There is an Excellent and Commodious Modern Mansion House, beautifully situated for a genteel family, with complete set of offices and Large Walled Garden.  The Plantations are ornamental and thriving.  The Farm is at present Let to an enterprising and respectable tenant, but arrangements may be made for the Proprietor to resume possession, if desired.

So eligible and desirable a Small Estate seldom comes into the market.  The Lodge is about half a mile from Larbert Railway Station, from which there is easy access in an hour to Edinburgh and Glasgow.

The Boundaries of the Property will be shown by Mr Ronald, the Tenant of the Farm.”

(Glasgow Herald 24 November 1856, 2).

The sale of the house and 93 acres of land took place on 4 February 1859 at the upset price £7,800.

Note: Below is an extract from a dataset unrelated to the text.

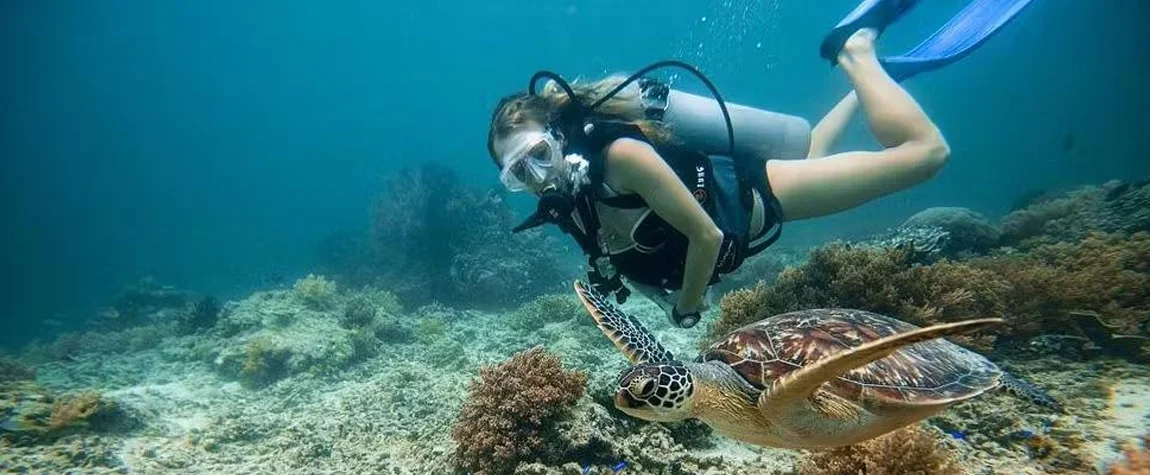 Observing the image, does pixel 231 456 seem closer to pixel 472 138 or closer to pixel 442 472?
pixel 442 472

Illus 5: Ordnance Survey Map of 1865.

The layout of the mansion house and its associated designed landscape at this period is shown on the first edition Ordnance Survey map.  The lodge house is located near the south-west corner of the policy next to the entrance to the tree-lined drive which ran parallel to the lade before curving northwards towards the house.  It then passed in front of the house with the lawn on its right before continuing around the back of the house to the stables.  In front of the stables is a stone-lined crescent-shaped detour which might have been a coach wash.  The lade was screened by trees and a woodland path ran alongside this screen.  The walled gardens were laid out with paths – the western garden probably being for vegetables and the eastern for flowers and fruit trees.  To their west was a paddock for the horses and milk cows to graze in.  A service drive led from the main road to this paddock and the north side of the stables and the walled gardens.

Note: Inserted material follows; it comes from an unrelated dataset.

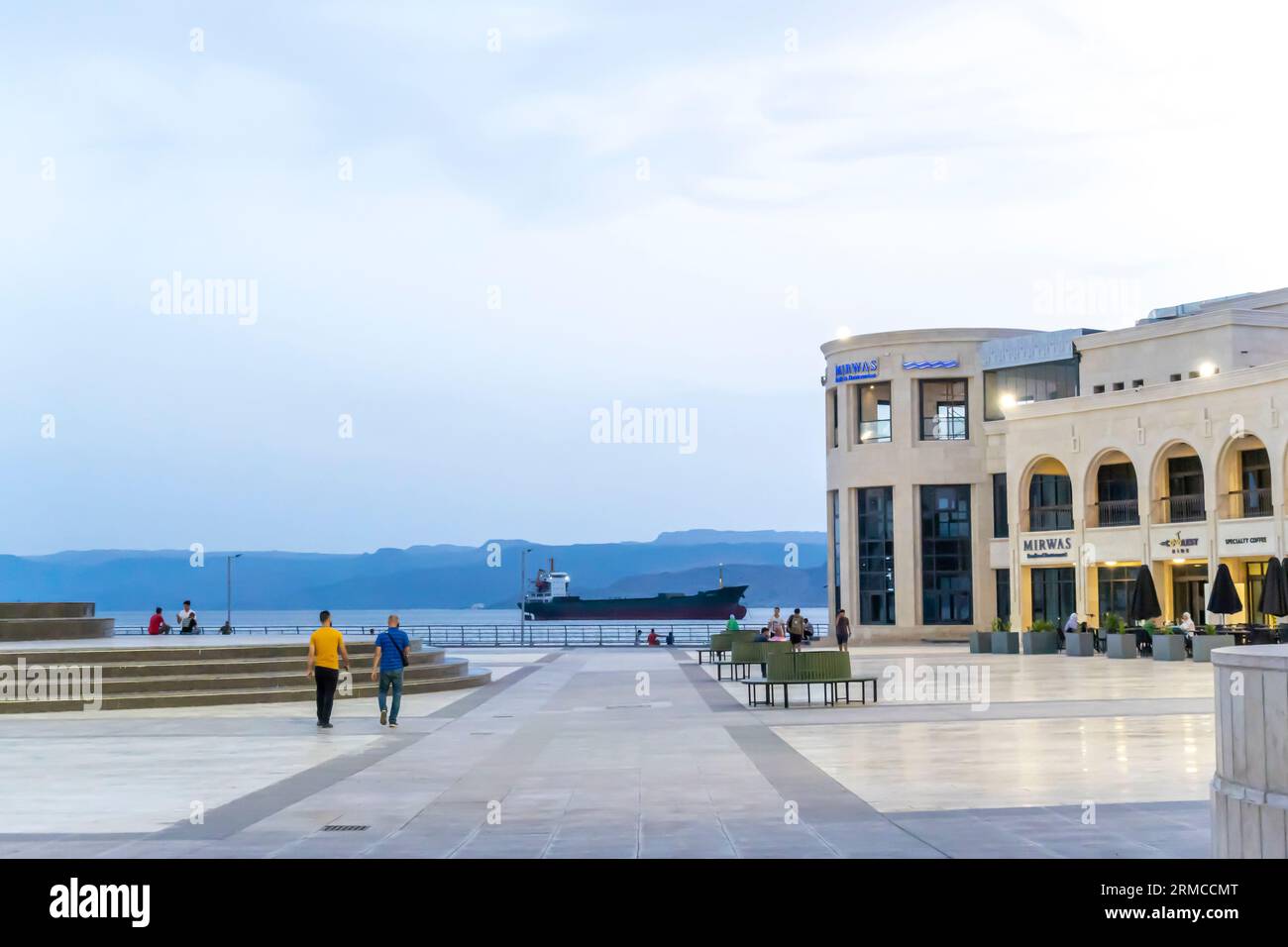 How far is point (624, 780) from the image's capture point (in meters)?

Carronvale was bought in April 1857 by John Bell Sherriff.  He had family connections with the area because his father, George Sherriff, had worked with Carron Company and then with James Watt the steam engineer before going to Russia.  John Bell Sherriff was born in St Petersburg in 1821 and came to Scotland when he reached the age of 21 and was employed by his uncle, Christopher Bell, a tea merchant.  He lived with his uncle at Abbotshaugh House.  He subsequently entered into business as a distiller and married Flora Taylor whose father was a merchant in Islay.  He was successful enough to acquire a distillery in Campbeltown.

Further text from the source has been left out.